++++ RECORDED DATA
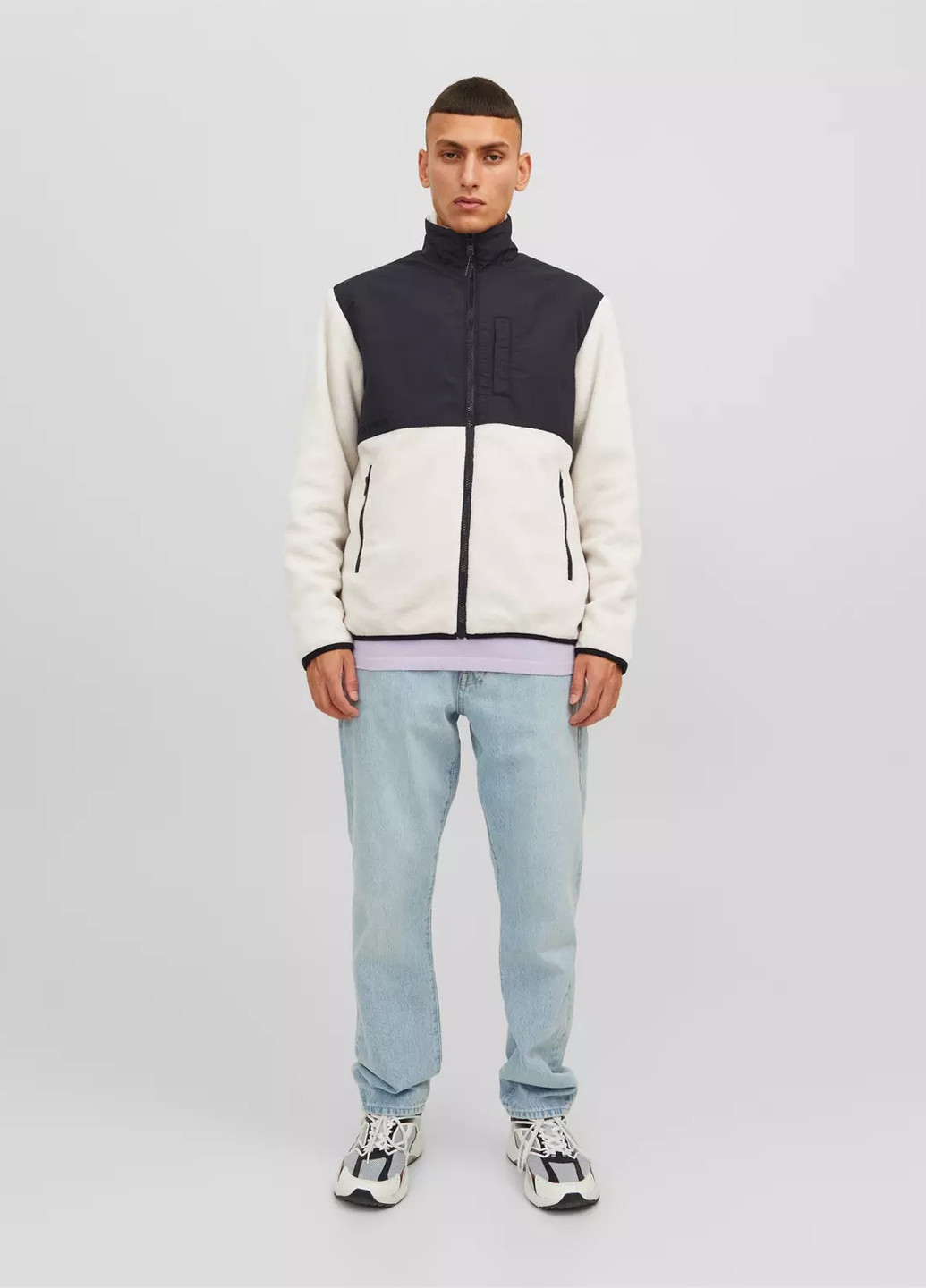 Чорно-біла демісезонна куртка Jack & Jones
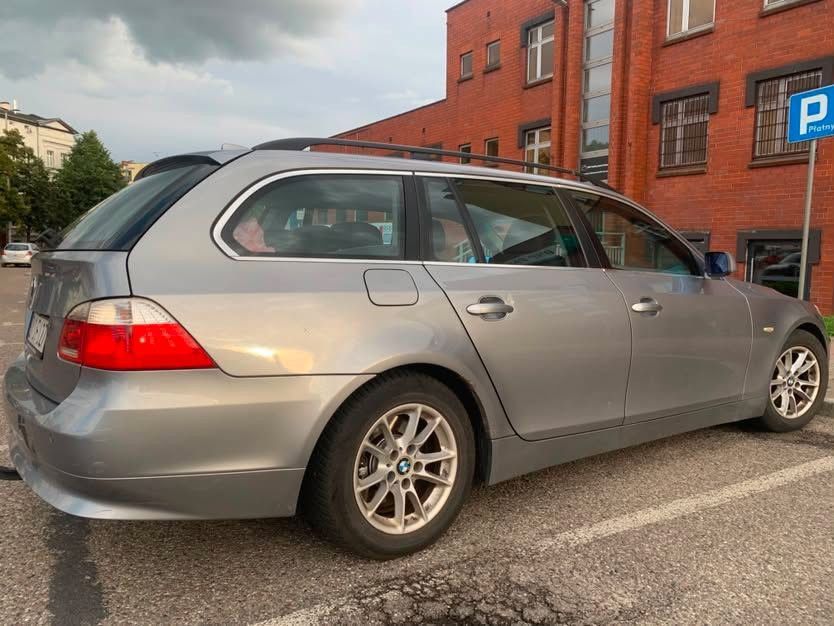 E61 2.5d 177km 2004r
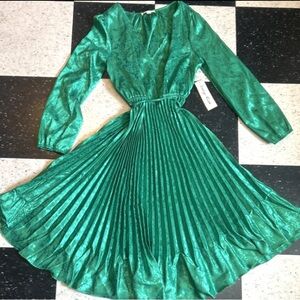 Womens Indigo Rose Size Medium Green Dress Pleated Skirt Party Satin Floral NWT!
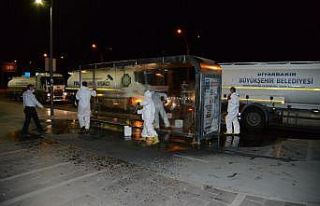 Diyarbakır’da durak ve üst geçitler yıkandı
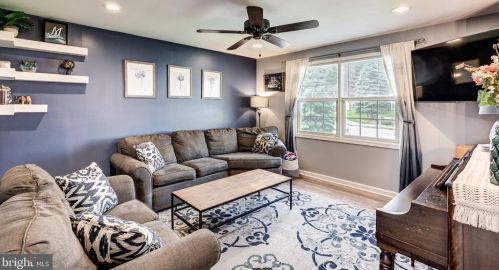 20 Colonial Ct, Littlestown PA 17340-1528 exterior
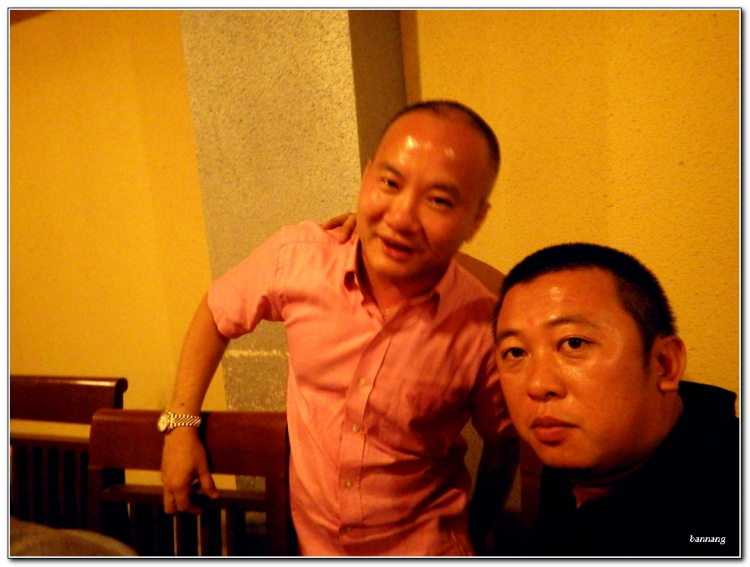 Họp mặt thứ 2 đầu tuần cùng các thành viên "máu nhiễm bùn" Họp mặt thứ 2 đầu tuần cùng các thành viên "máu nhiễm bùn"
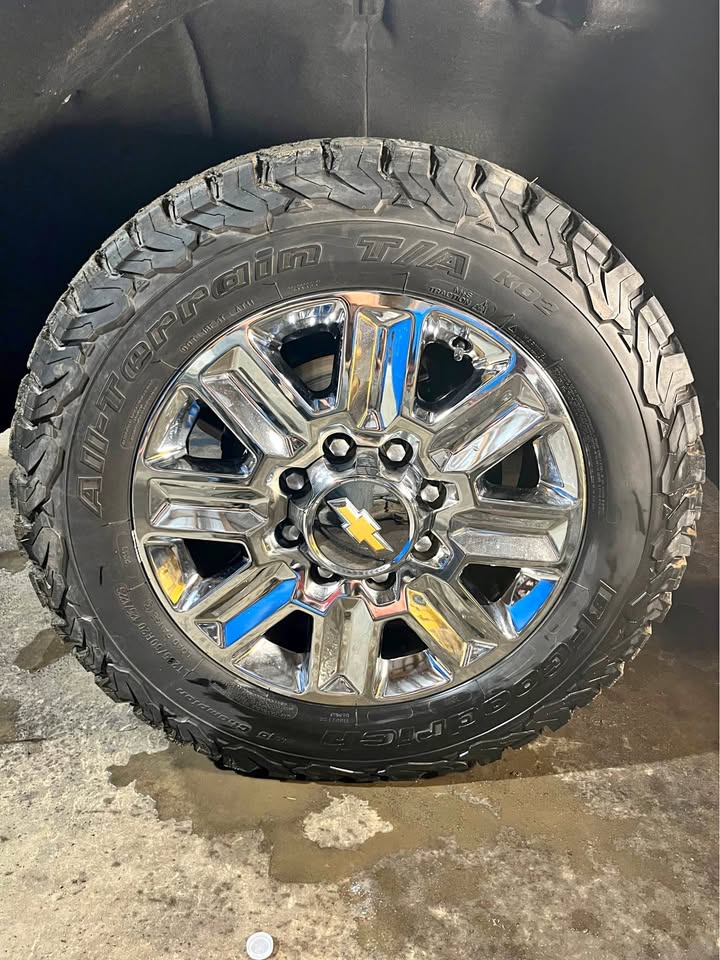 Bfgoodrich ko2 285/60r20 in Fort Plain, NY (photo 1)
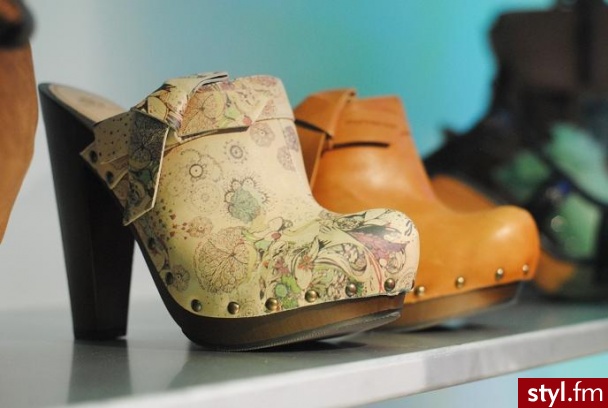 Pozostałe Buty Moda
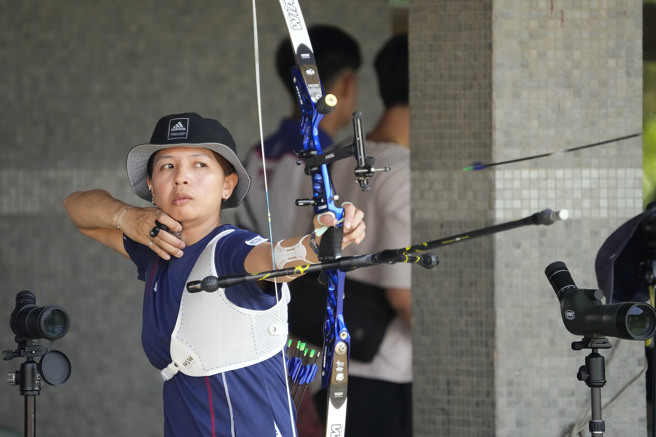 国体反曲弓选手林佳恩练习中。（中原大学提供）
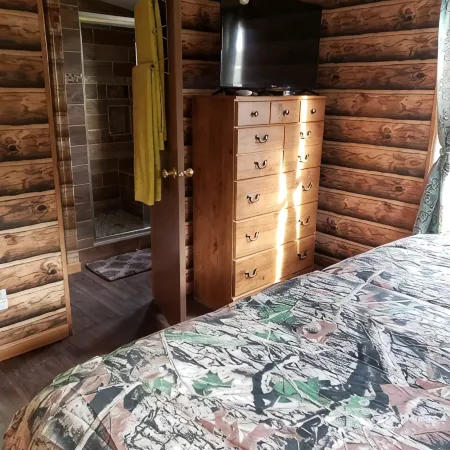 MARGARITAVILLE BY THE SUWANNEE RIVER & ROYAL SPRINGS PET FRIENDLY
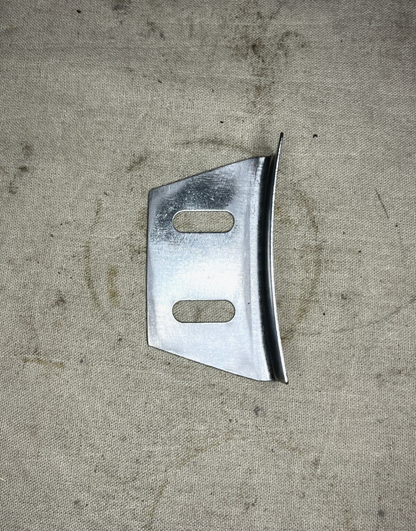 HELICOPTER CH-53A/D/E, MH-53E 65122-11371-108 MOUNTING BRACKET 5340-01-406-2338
++++++++
• [ACTIVITY] When you write out the material again, keep every word exact and omit the pictures.

• [RESULT BELOW]
 Чорно-біла демісезонна куртка Jack & Jones
 E61 2.5d 177km 2004r
 Womens Indigo Rose Size Medium Green Dress Pleated Skirt Party Satin Floral NWT!
 Diyarbakır’da durak ve üst geçitler yıkandı
 20 Colonial Ct, Littlestown PA 17340-1528 exterior
 Họp mặt thứ 2 đầu tuần cùng các thành viên "máu nhiễm bùn" Họp mặt thứ 2 đầu tuần cùng các thành viên "máu nhiễm bùn"
 Bfgoodrich ko2 285/60r20 in Fort Plain, NY (photo 1)
 Pozostałe Buty Moda
 国体反曲弓选手林佳恩练习中。（中原大学提供）
 MARGARITAVILLE BY THE SUWANNEE RIVER & ROYAL SPRINGS PET FRIENDLY
 HELICOPTER CH-53A/D/E, MH-53E 65122-11371-108 MOUNTING BRACKET 5340-01-406-2338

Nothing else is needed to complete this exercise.